Opu, pet name for Opamanyu, from the early 20th century, is considered a child prodigy. He travels to England for studies. There he builds a time machine to travel to the period of Mahabharata, to meet Bhisma. Instead, he reaches Kurukshetra of early 21st century due to some technical miscalculations.

He is rescued by a brother-sister duo. Siddharth, a scientist, works in IIT, Delhi. The sister, Tanya is an anthropologist, and is studying the Indus Valley Civilisation. She is excited by the time machine and she wants to go back in time to Kukkutarma (Mohenjo-daro) and find the reasons for the disappearance of this once flourishing civilisation.

The two scientists work on developing another Atityán – that is what Opu calls his time machine. Tanya goes back in time to Mohenjo-daro, and Opu travels back to his England of 20th century. Tanya has her scrapes during her time travel, manages to fall in love with a man there, brings him to the 21st century, and eventually travels back one last time to leave her mate in his century.

You might smirk and say what an improbable story. Of course, it is an improbable story today, but do not forget that people said the same about aeroplanes at some time in the not too distant past. Who knows, maybe a few generations from today, someone may come to meet me in the 21st century.

An expertly woven story from our childhood fantasies. The manuscript does need a little work on editing.

Book Reviews by a Pioneer: Blue Eagle by Sharada Kolluru

Neil Randhawa, an Italian of Indian origin, finds himself in a Delhi Police station, trying to locate Blue Eagle – a wine that he lost at Delhi airport. What is special about this wine? A stranger successfully bid half a million US Dollars for the 1988 vintage, died the same evening of snake bite at the vineyard where Neil works and was also the auctioneer. The dying man extracted a promise from Neil to offer the wine to Lord Kal Bhairav in Ujjain.

Moe Kyaw Somani, a young Burmese Indian, also lands at the same police station, having lost her 12th grade certificates, without which her dream of studying in Lady Shri Ram College will remain just that – a dream, for which she has travelled all the way from Yangon.

The two narrate the stories of their lives in their birth countries to the sympathetic inspector, who decides to help them. The two young people come together in their search. Is it any surprise, then, that soon sparks begin to fly!

Sounds like another version of the Bollywood film Jab We Met, or many similar stories seen on screen. But I am not complaining. The storytelling is fast paced, the setting is different, and I just love a good old-fashioned romance – this one is inter-continental – so I got to travel a lot from the comfort of my armchair – Italy, the vineyards, Myanmar, and my favourite – Italian food. It was a magical journey expertly woven through words.

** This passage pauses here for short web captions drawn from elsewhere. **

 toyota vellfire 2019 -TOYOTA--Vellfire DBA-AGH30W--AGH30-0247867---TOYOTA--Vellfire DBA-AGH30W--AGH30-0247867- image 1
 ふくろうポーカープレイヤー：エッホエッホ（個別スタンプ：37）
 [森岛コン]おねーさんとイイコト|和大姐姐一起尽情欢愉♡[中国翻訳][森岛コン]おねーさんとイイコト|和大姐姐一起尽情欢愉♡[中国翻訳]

If you are looking for a fun fast-paced read over the weekend, then this rom-com is perfect. What I thought could have been toned down – a couple of pages of explicit physical intimacy. As my literary agent friend Lalitha keeps telling me, “Sanjay… show… not tell.”

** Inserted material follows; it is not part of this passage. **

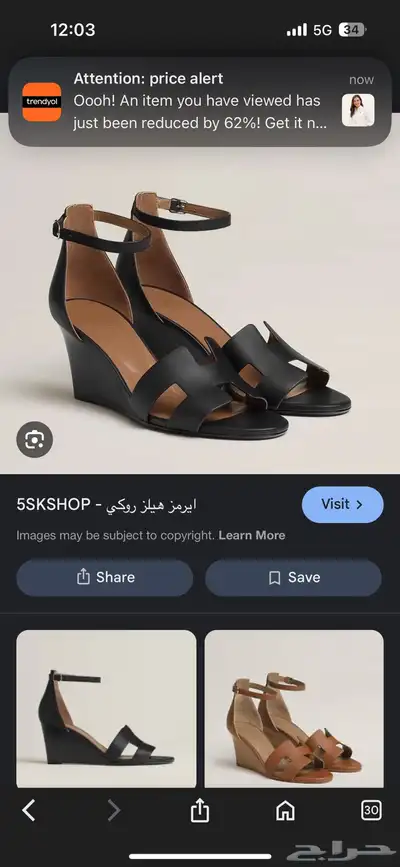 كعب ايرميز نسائي 0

Book Reviews by a Pioneer: Halfway Fates by Deepali Bajaj

Genre: Romance
Rating: 3.5/5

Suraj is a happy go lucky young man studying in college. He, Raghav – his roommate and friend, Mira – whom he loves, and Deepti – another close friend with whom he can share his secrets, are fun-filled college students. They attend lectures, sometime bunk classes, go out for parties, attend socials, play pranks, go for drives, get drunk also.

Suraj also has vivid dreams about a young girl Mithi. This girl is in love with Siddharth, and they both appear to be heading towards a forever life together. Suraj is perplexed – he has never met Mithi or Siddharth. Why does he dream about them? Is there a past connection?
The story moves in two parallel tracks – that of Suraj, Mira, Deepti, and Raghav in the present; Siddharth and Mithi in the past through Suraj’s dreams. Will the two stories merge?

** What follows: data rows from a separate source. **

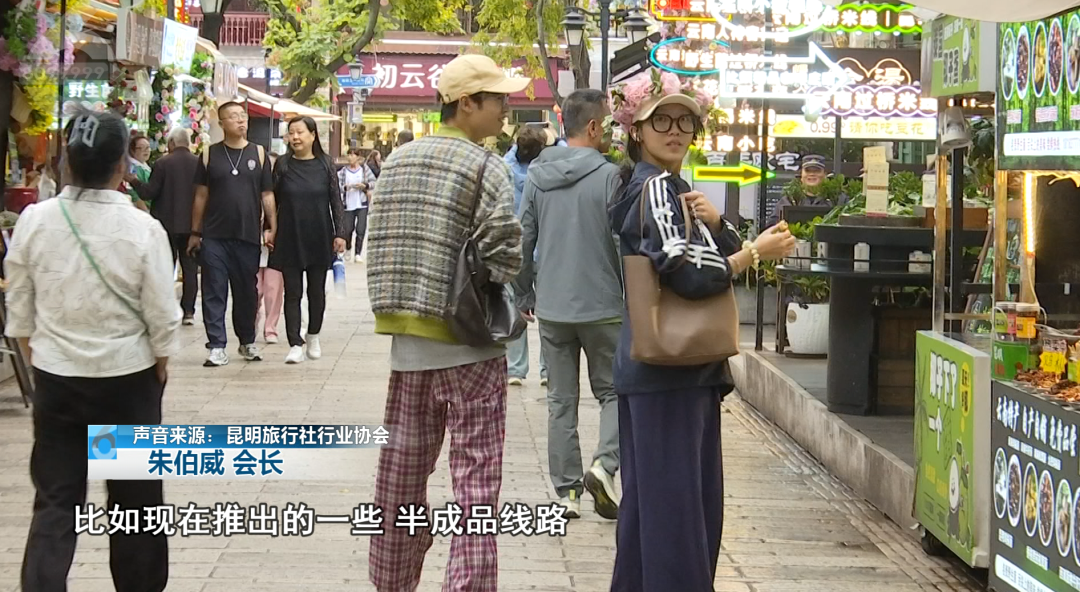 8099999街头巷尾微信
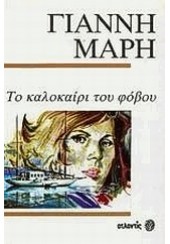 ΤΟ ΚΑΛΟΚΑΙΡΙ ΤΟΥ ΦΟΒΟΥ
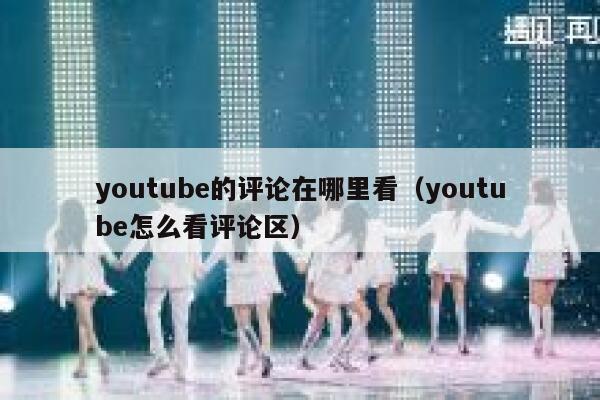 youtube的评论在哪里看（youtube怎么看评论区） 第1张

This is an interesting novella, well written. I kept turning the pages to unravel the mystery. The unfolding – it comes almost in the end – was a surprise to me. I could not guess it throughout the book.

One aspect of the book is a let down – weak editing. There are grammatical and spelling errors throughout the manuscript. I hope the author takes care of this in subsequent editions, and future works.